Ya, seperti di awal, diakui memang media sosial kini telah merenggut apa pun, termasuk jurnalisme, yang kini mesti kehilangan otoritasnya dalam pendistribusian produk jurnalistik.
"Penerbit berita telah kehilangan kontrol atas distribusi beritanya. Semua disaring lewat algoritma dan platform yang tidak dapat diprediksi," ujar Emily Bell, Direktur Tow Center untuk Jurnalisme Digital di Universitas Columbia dalam pidatonya di Cambridge.
Melawan Hoaks
Apa pun itu, hoaks atau kebohongan memang mesti dilawan. Pers jelas memiliki peranan itu untuk mencerahkan.
Tanpa pers yang masih memegang tonggak verifikasi, maka kekacauan yang beranak pinak di media sosial dan sejumlah situs penebar kebohongan akan menjadi-jadi.
"Pers diharapkan bisa menjadi penyaring," ujar Ketua MPR Zulkifli Hasan.
Ya, siap atau tidak, meski kini pers memang tengah digulung sihir media sosial yang menelan jurnalisme, pencerahan untuk publik tetap menjadi misi pers yang harus dijalankan hingga kiamat.

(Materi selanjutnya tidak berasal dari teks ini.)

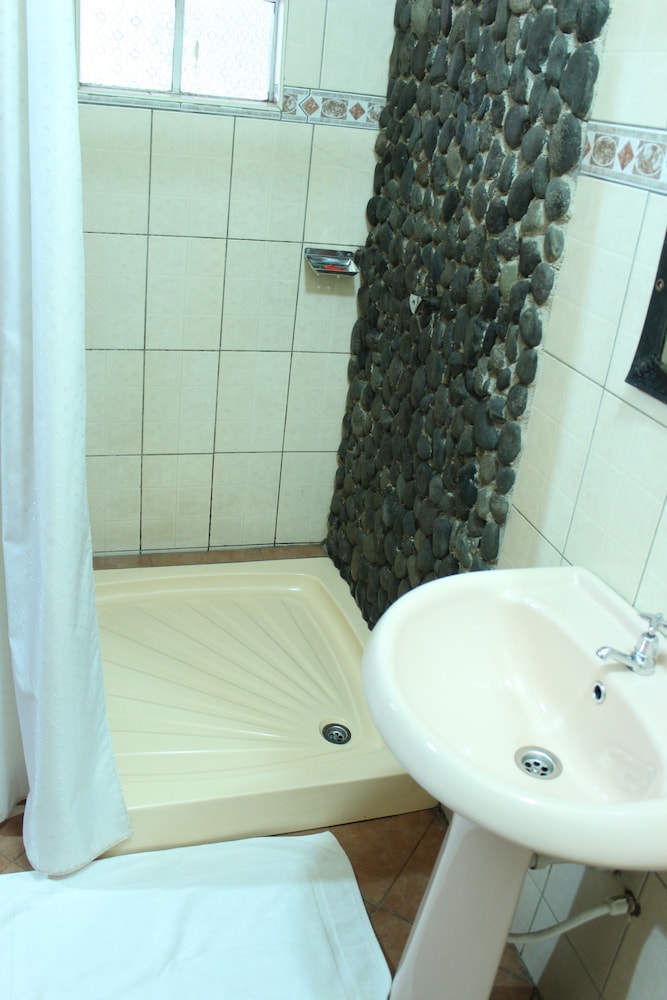 Khweza Bed & Breakfast 31/43
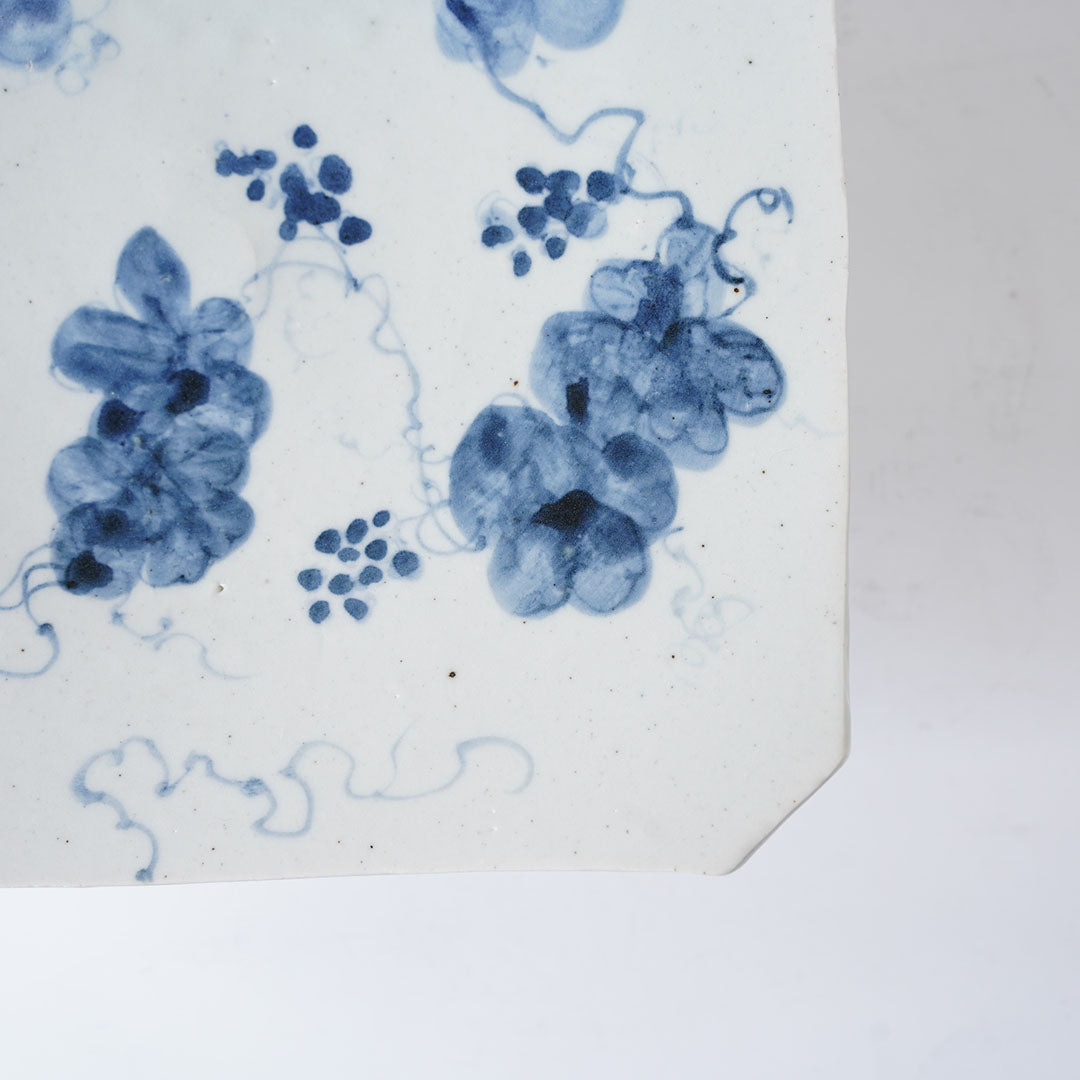 23-5 Shingo Oka Square Comport Plate with Angled Corners (Blue Underglaze with Wild Grape Patterns)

Namun memang, pers kini mesti berbenah jauh lebih baik. Jika dahulu menjadi sumber informasi absah publik, maka kini mungkin tak berlaku lagi.
Pers mesti bertransformasi menjadi sebuah karya jurnalisme yang kekinian, dibekali jurnalis yang mumpuni dan piawai dalam segala kecanggihan teknologi.
Tak cuma itu, jika dahulu pers lah yang menjadi anjing penjaga, maka kini, semua termasuk pembaca, pendengar, penonton adalah juga penjaga. "Produk pers harus menjadi penuntun akal," ujar Kovach seperti dikutip dalam bukunya.
Ya, hoaks memang buruk buat siapa pun. Namun jurnalisme yang memproduksi hoaks jauh lebih berbahaya dari itu semua.